» **DATA EXCERPT**
Segment Open
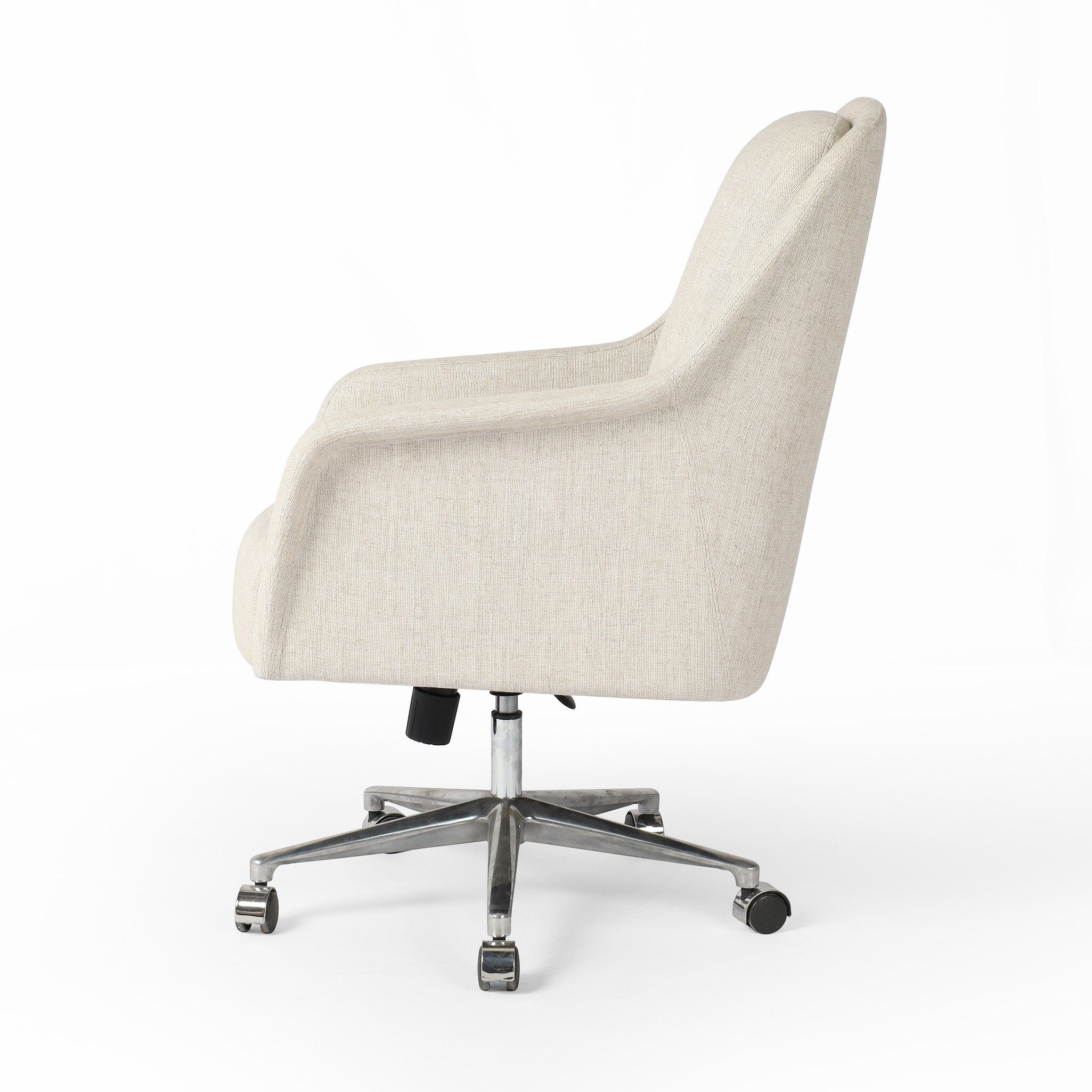 Side profile of an ivory upholstered desk chair with a chrome base on a white background.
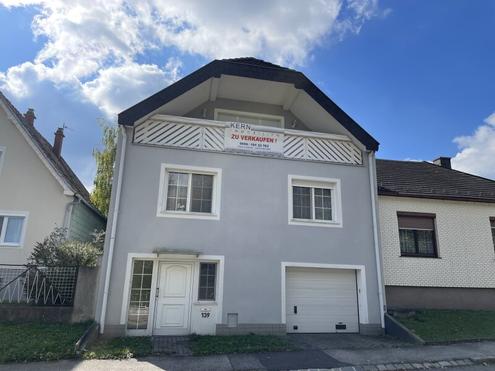 SEHR GEPFLEGTES EINFAMILIEN-HAUS MIT SCHNEM GARTEN -- LOGGIA/GARAGE -- RUHELAGE!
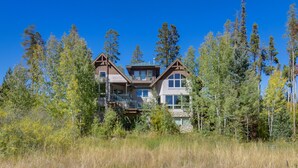 A two-story house with a balcony and a large window, surrounded by tall trees and a grassy field. - Mountain Home ~ 5 Mi to Winter Park Resort! (Winter Park)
Segment Closed
Copy verbatim the span that opens at the line with "SEHR GEPFLEGTES EINFAMILIEN-HAUS" and closes at the final line of the listing. Do not carry over any pictures.

 SEHR GEPFLEGTES EINFAMILIEN-HAUS MIT SCHNEM GARTEN -- LOGGIA/GARAGE -- RUHELAGE!
 A two-story house with a balcony and a large window, surrounded by tall trees and a grassy field. - Mountain Home ~ 5 Mi to Winter Park Resort! (Winter Park)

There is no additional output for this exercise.